Sometimes if I prayed about something that at the time was worrying me and if it came back into my mind, I would pray about it again and the cycle continued. Do you know that Satan is the great accuser? My spiritual attacks mostly seemed to focus on this: 'the bible says you have not to worry and pray and here you are worrying, you are a rubbish christian.' So I would feel defeated and then feel worse. (when the thoughts came as 'you' I knew 100% it was a spiritual attack)
Then I realised what was happening and any kind of attack like this I just say this prayer and look in the mirror* "I am saved by the grace of God, not by any works I can do or will do as it will never be enough to earn my way into heaven. Thank you God for this! I am a work in progress and will never be perfect this side of heaven but yet you love me and keep working in me. My weakness actually shows God working through me as I give over something to God - others around me will witness what I find difficult but then see God working in me." (or just quote Romans 8:1!) Since I have started doing that, those thoughts have not been coming that much!

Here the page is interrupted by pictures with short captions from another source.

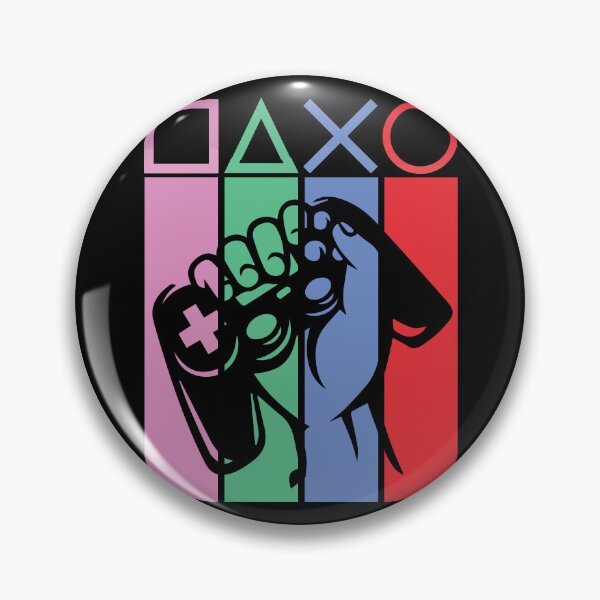 Item preview, Gamer memes - gamer lifestyle - pc gamer - gamer for life - gamer nerd designed and sold by Artocity99.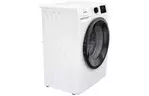 Стиральная машина Gorenje WNEI74SBS
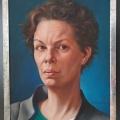 Claudia-Hauptmann-Gesche-2021_m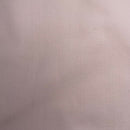 Lona para Exterior Creme Texland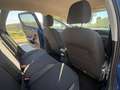 Volkswagen Taigo 1.0 TSI R-Line DSG 81kW Azul - thumbnail 18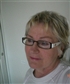 champx10 Real Russian women seeking for real honest Swedish men I live in New York Retired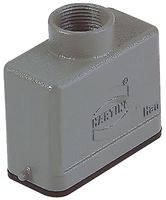 HARTING 9200101440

The past few days looking and mediating on this verse, I saw it a different way. That it wasn't an admonishment about worrying but more of a 'you're not alone in all this, you can come to me and I will help you.' I knew this in my head but not in my heart or practically as I always felt guilty if I was anxious as people usually quote that verse to you and then I felt worse as I had prayed about it.
If you are anything like me maybe you will understand and my goal in sharing this is to help you.
I think sometimes that God just wants us in continual prayer with Him and while in some things I have instant long lasting peace when I pray, other times I have peace but different aspects come to mind that I am anxious about so I come and pray about it again. Those times God just knows better than me how much I need long continual prayer - alone time with Him and I think it's just one way of doing it, letting me know that I need that special closeness with Him at that difficult time. Do you need to know this as well?
So you will understand why I say quite frequently that it is a great daily example to me, watching dogs living in the moment. So that in those really tough times I actively am reminded to "Be still and know that I am God" and live in that moment giving it all over to God.
*Sometimes when you are having such negative thoughts I find it helpful to look in the mirror when reinforcing the truth as well as praying. I look in the mirror rarely re this but it may help you at those really dark moments in your life.